One of the commonly misunderstood and mis-sold products is Life insurance.

Basically, life insurance product pays the beneficiaries of the policy a lumpsum amount or an annual income in case of death of the policy holder.

Let’s start with the purpose of life insurance, life insurance is to provide income support to the family members if the income generator dies. Though it is called a life insurance – basically it is a product that tries to replace the lost income in the case of death of the insured.

We can also call it “income ensurance” because it ensures that the depends of the earner will be ensured some income in case of the death of the earner.
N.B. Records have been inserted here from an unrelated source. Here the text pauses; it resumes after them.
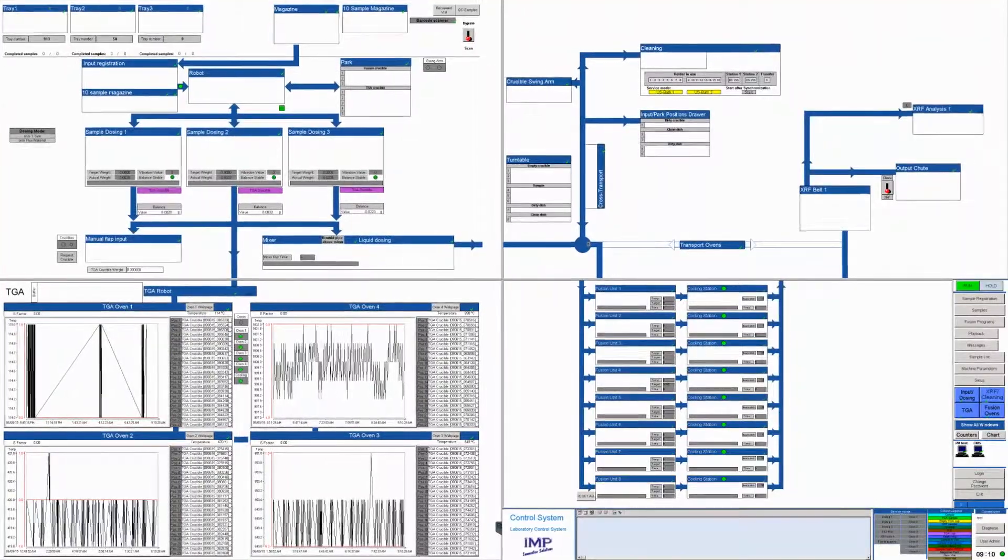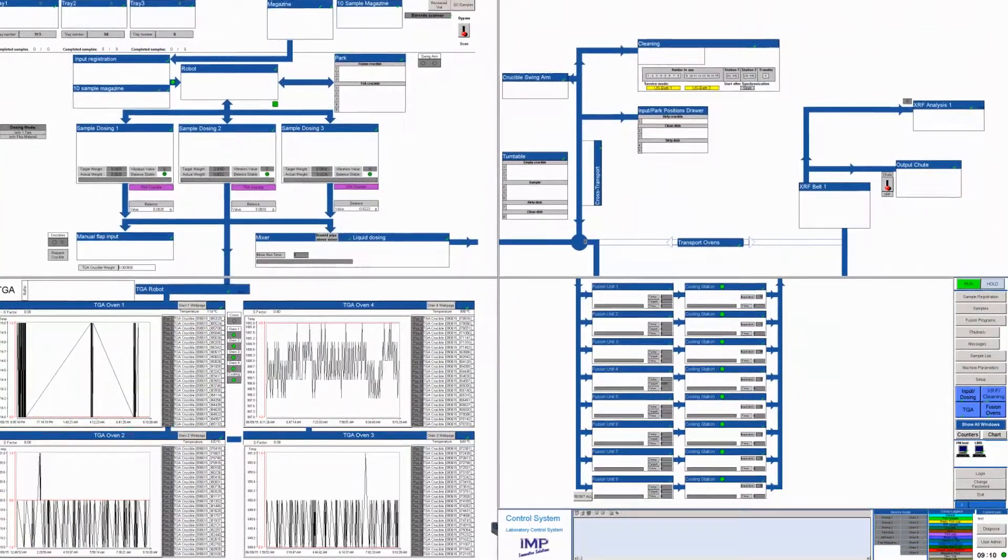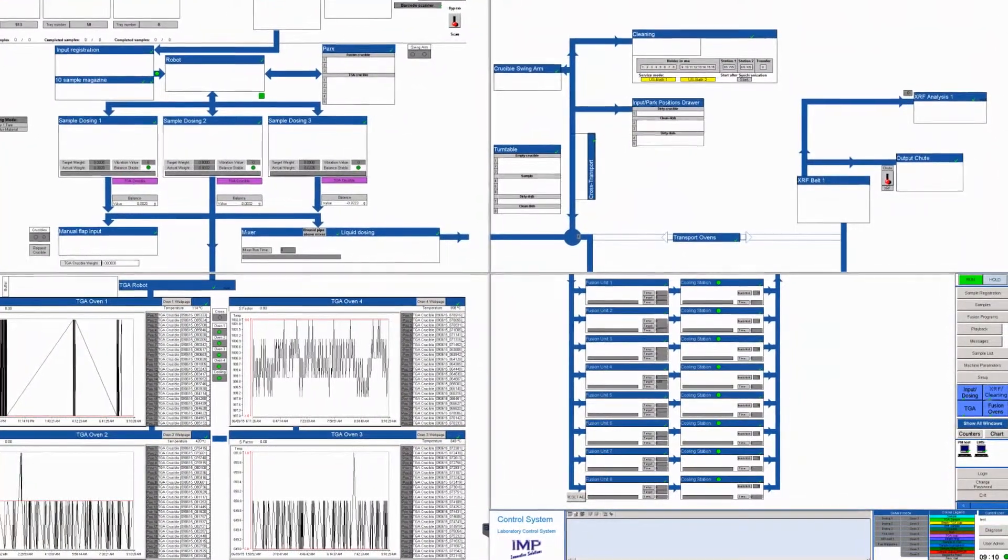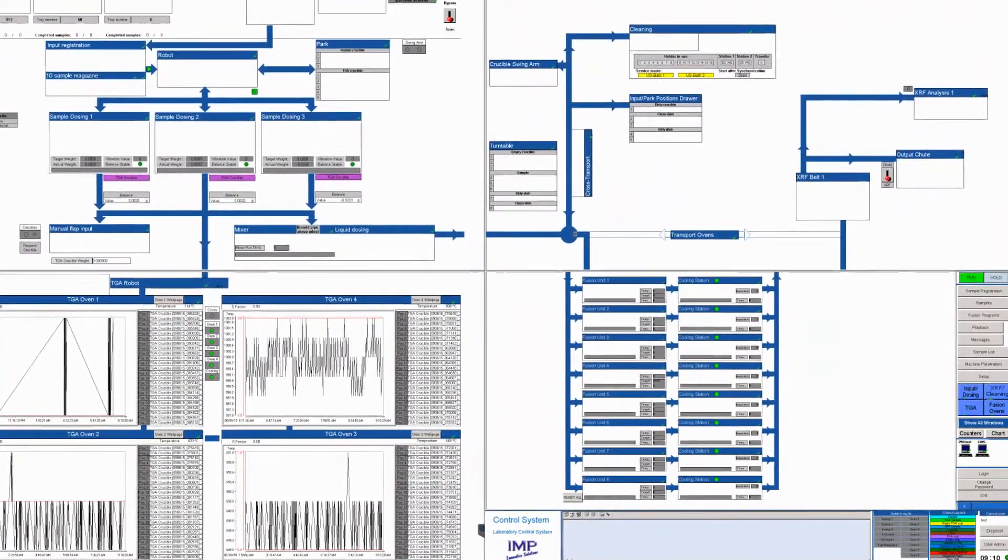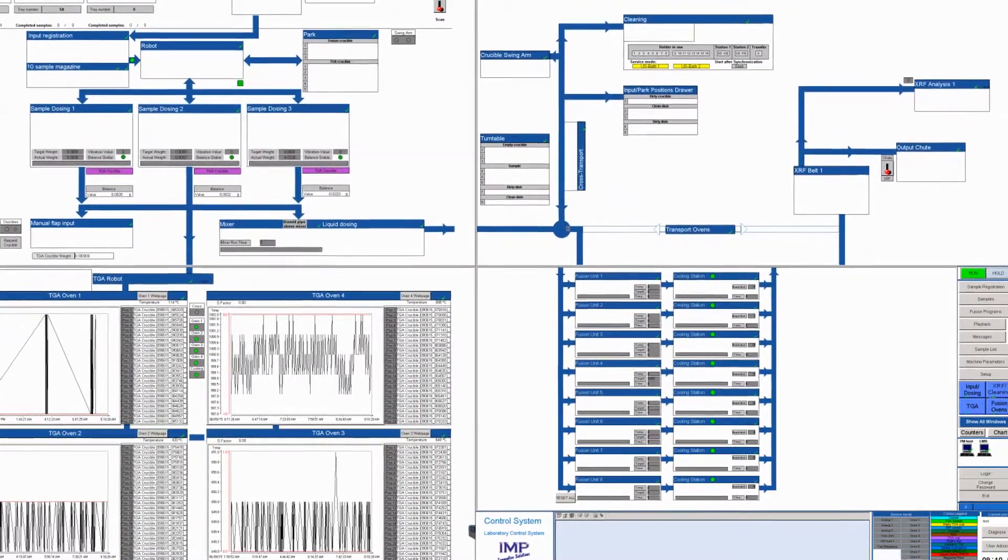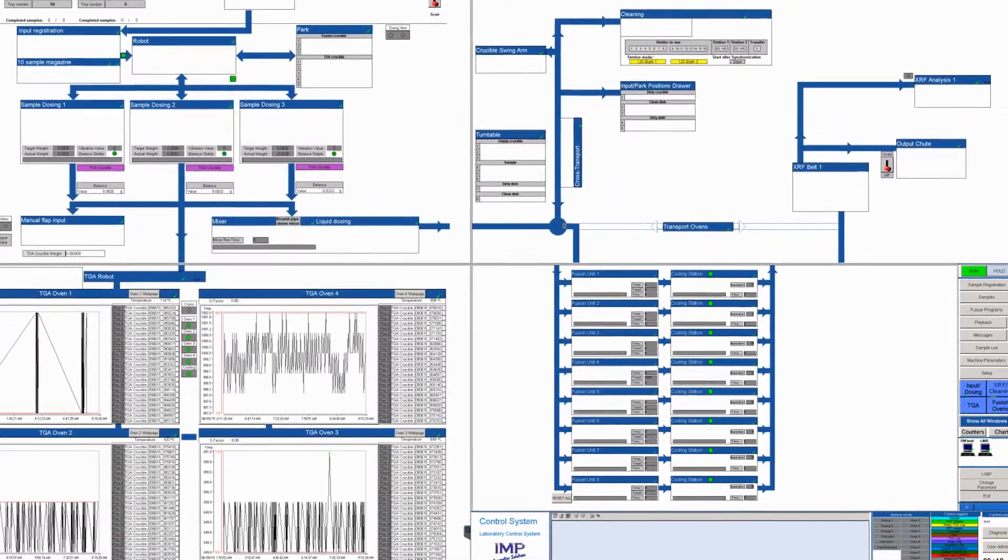The whole operation is overseen by the control room and the laboratory information management system keeps track of the samples as they progress through the system.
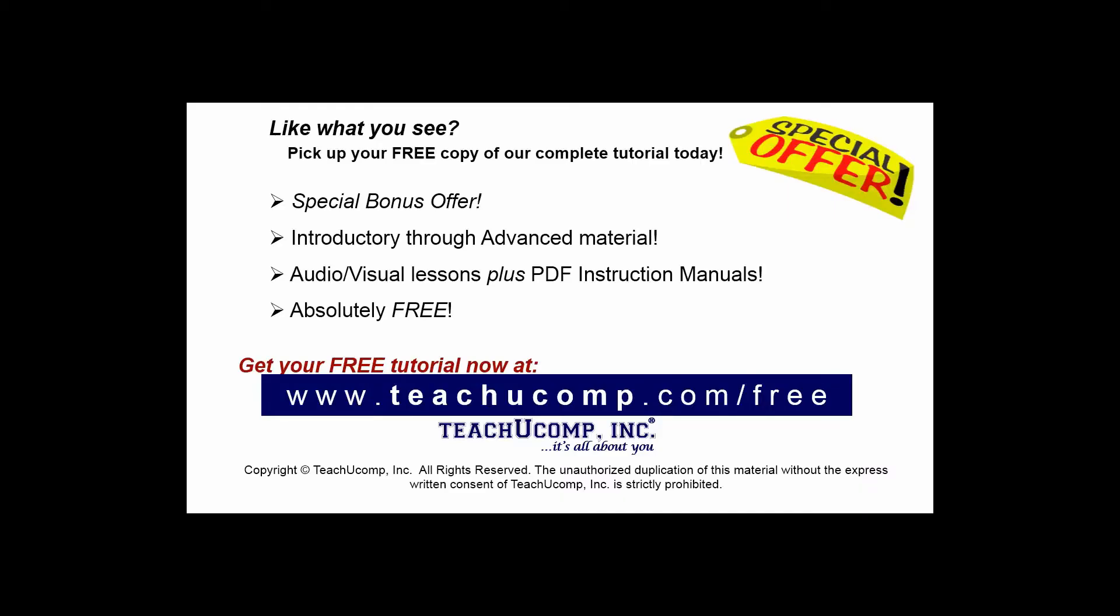Like what you see? Pick up your free copy of the complete tutorial at www.teachyoucomp.com forward slash free.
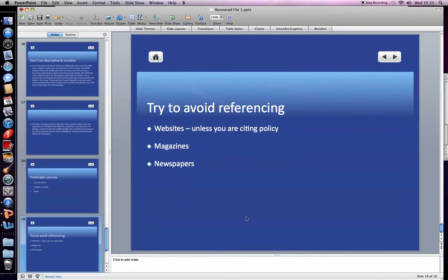Please avoid websites unless you're citing policy or a governing body's website like Sporting Equals or Sport England. Magazines and newspapers are too emotive, not based on theory or research — just stay away from them. That's about it. I've rushed through the last couple of areas but I hope you find this useful. Any questions, get in contact, drop me an email and we can go from there. Thank you very much.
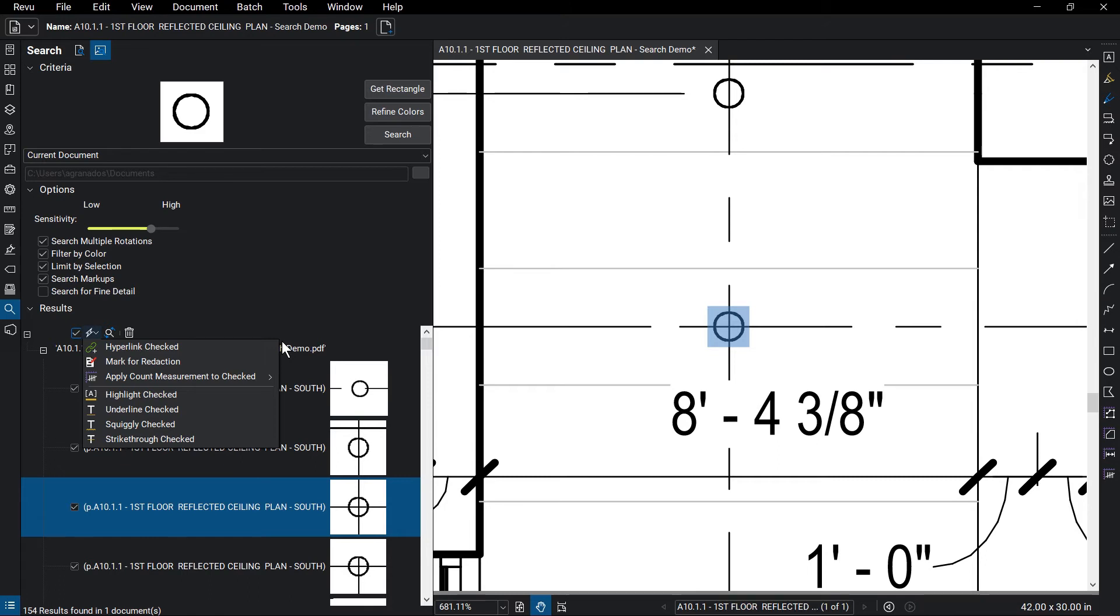Other actions include applying a highlight, underline, strikethrough, or a squiggly line under the results. Note that visual results can only be hyperlinked, marked for redaction, counted, and highlighted.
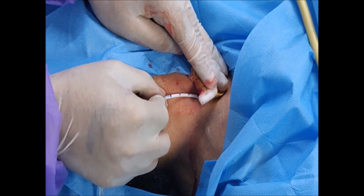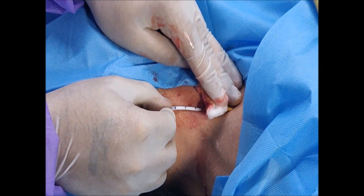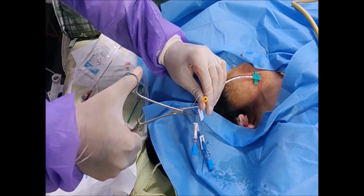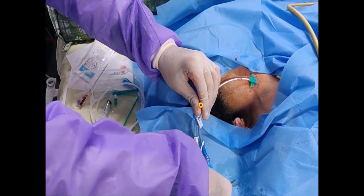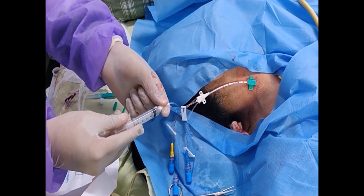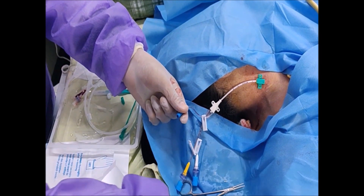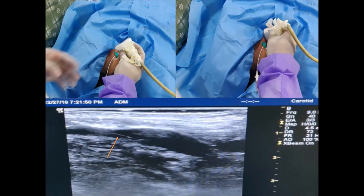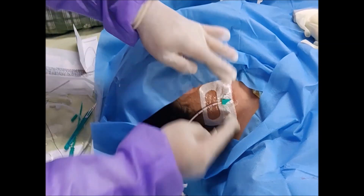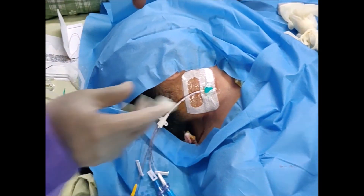Insert the catheter to a depth that places the catheter tip at the junction of the superior vena cava. Steady the catheter and use forceps to remove the guide wire, then check for blood return. Confirm that all ports of the catheter are working and flush them with heparinized saline. Cap all the ports at completion. Confirm the position of the catheter using the linear probe, preferably along the long axis. Carefully secure the line by suturing it to the underlying skin and apply sterile dressing over the line.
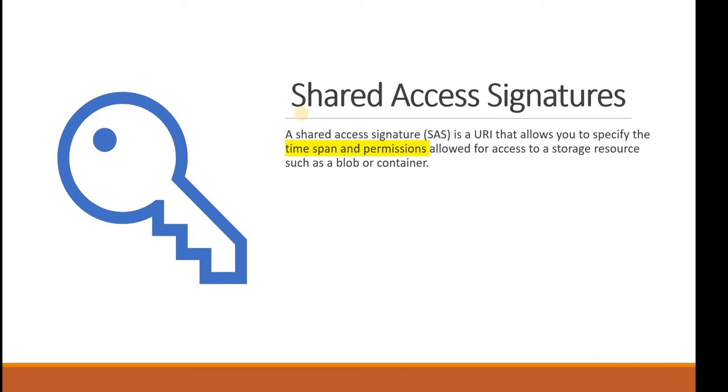You give permission for that particular resource of a storage account that the user can access with whatever access rights you have set - permissions like read, write, modify. It is very important to keep the time span in mind.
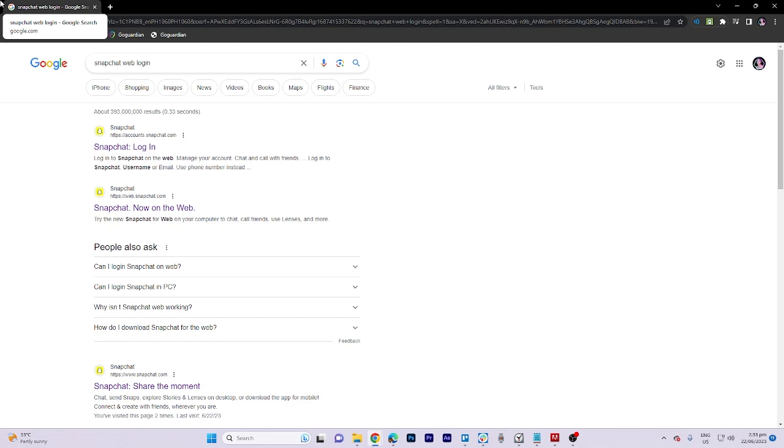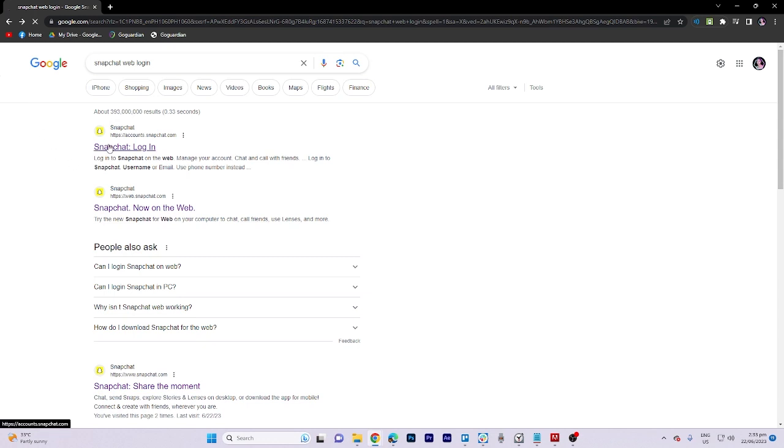In today's video tutorial, I'm gonna walk you through how to log in on Snapchat web without phone. The process is fairly simple, so make sure you watch the tutorial until the end of the video.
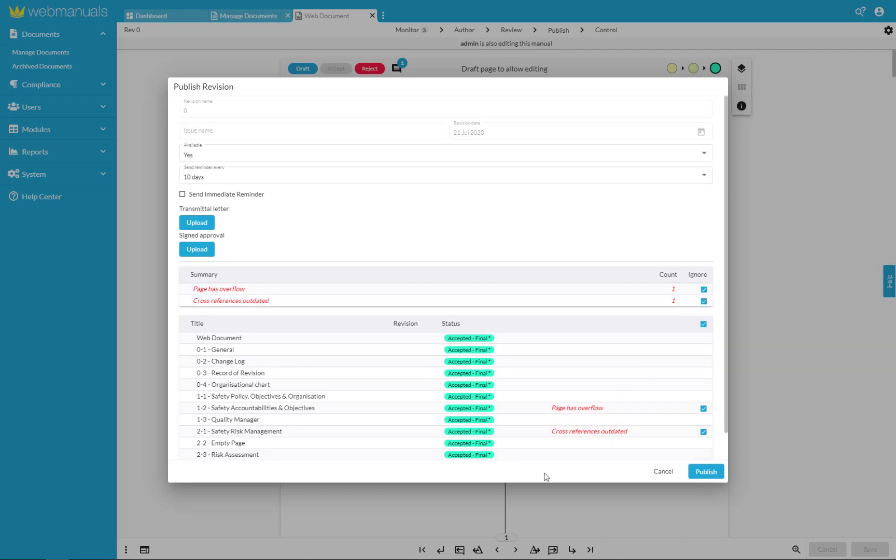Note that it is only possible to publish a document with warnings upon confirmation that they can be ignored.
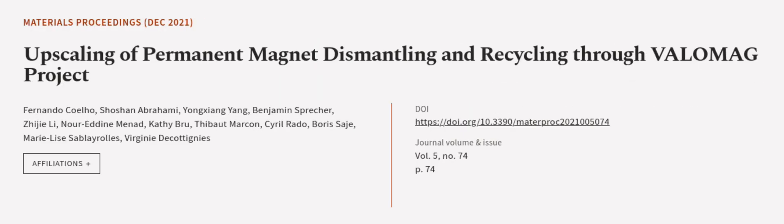This article was authored by Fernando Coalo, Shoshan Abrahami, Yongxian Yang, and others. We are article.tv, links in the description below.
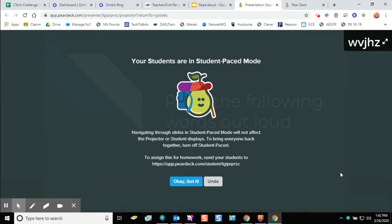I can either give my students that code that was on the screen earlier or I can copy this link and post it in Google Classroom. Either this link or joinpd.com with the code will open up student paced mode and then they can work through the slides whenever they want.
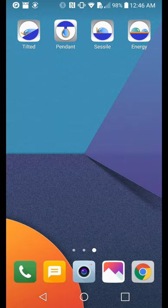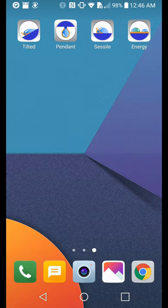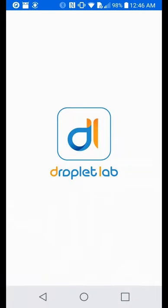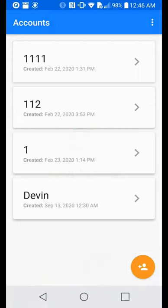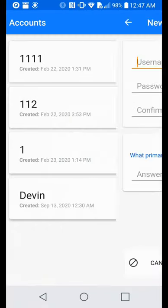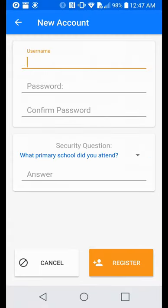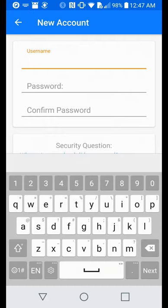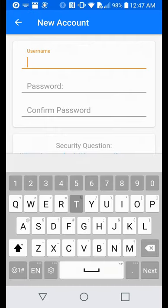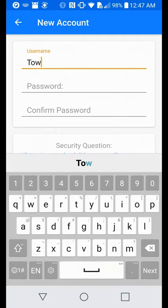To measure surface tension, we open the Pendant app. The first step is to create an account with the name, password and security question.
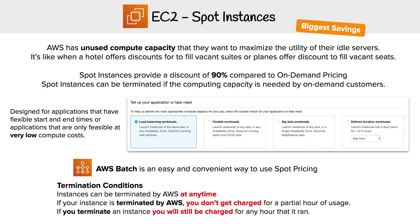If your instance is terminated by AWS, you don't get charged for the partial hour of usage. But if you were to terminate an instance yourself, you will still be charged for any hour that it ran. That's the little caveat to it.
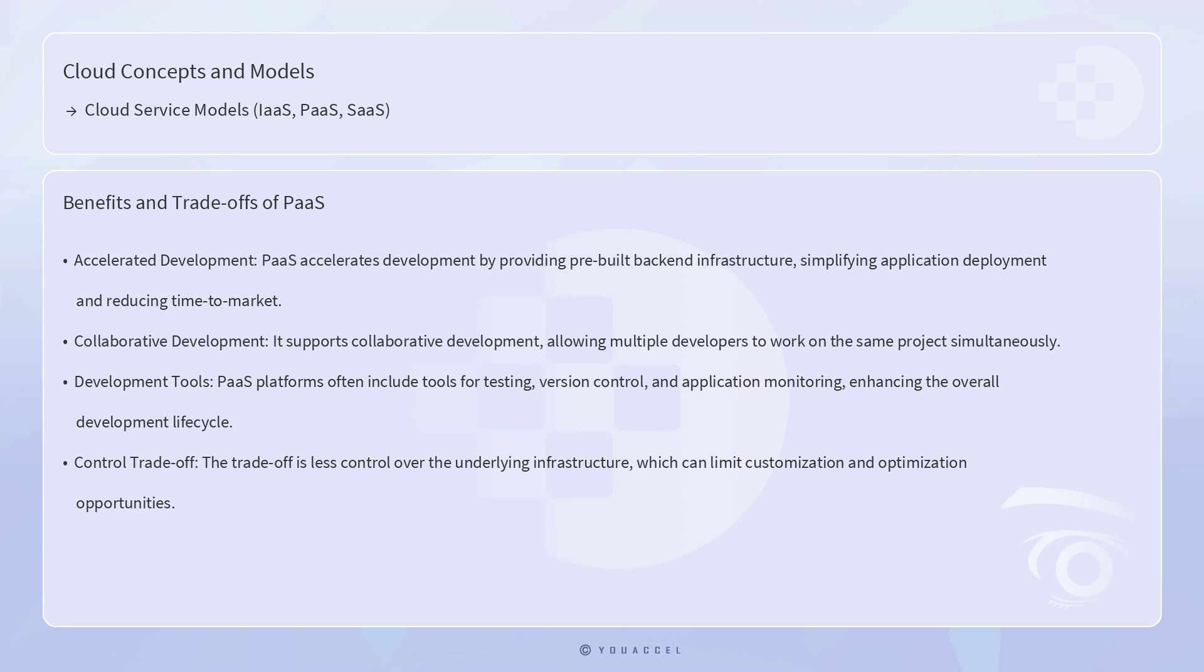PaaS accelerates development by providing pre-built back-end infrastructure, which simplifies application deployment and reduces time to market. It also supports collaborative development, allowing multiple developers to work on the same project simultaneously. Moreover, PaaS platforms often include tools for testing, version control, and application monitoring, enhancing the overall development lifecycle.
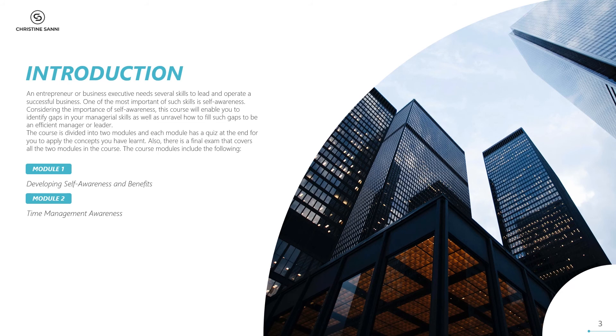Module 1: Developing Self-Awareness and Benefits. And Module 2: Time Management Awareness.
Let’s come to the basic question – who needs insurance. Any person who has people who are economically dependent her/his income should consider buying life insurance. The reason being if the person were to die, then the dependents will not have the income that the person would have provided. If a person has no dependents on her/his income, then the person does not need a life insurance. For instance,

  • A single person who no dependent children or parents should not get an insurance.
  • A person whose children are not dependent on her/him does not need life insurance if she/he has no others finically dependent on her/him.
  • A person who has no income doesn’t need a life insurance, as there is no loss of income from the death of the person. (Insurance company usually does not issue a life insurance policy that pays out more than the income potential of the person.)

Other case where a person does not need insurance, is that person has enough wealth to support the members who are dependent of her/his income. The person’s wealth is expected to become the source of income to support the dependents.

  • For instance, Bill Gates, Warren Buffett, Azim Premji, Narayan Moorthy, Mukesh Ambani, Kiran Mazumdar Shaw etc. don’t need life insurance as they have enough wealth to sustain their dependents.

We have taken extreme examples of people who have way too much wealth or who have no wealth. Most people are somewhere in the middle of this spectrum, i.e., they have some wealth but not enough to sustain their dependents. In such cases Life insurance is a very good product. The amount one should insure should be the difference between their current wealth and their target wealth (where target wealth is the wealth that would not require them to buy insurance as the wealth itself can support the dependents).

There are no specific formulas for computing and managing insurance, here are a few useful thumb rules

  • Target wealth should be 25 to 30 times the annual expenditure that is required to support the dependents.
  • Insurance amount should cover the gap between Target wealth and current wealth.
  • As one’s wealth increases one should reduce the insurance cover.
  • One of the goals of persons financial journey should be to not require life insurance.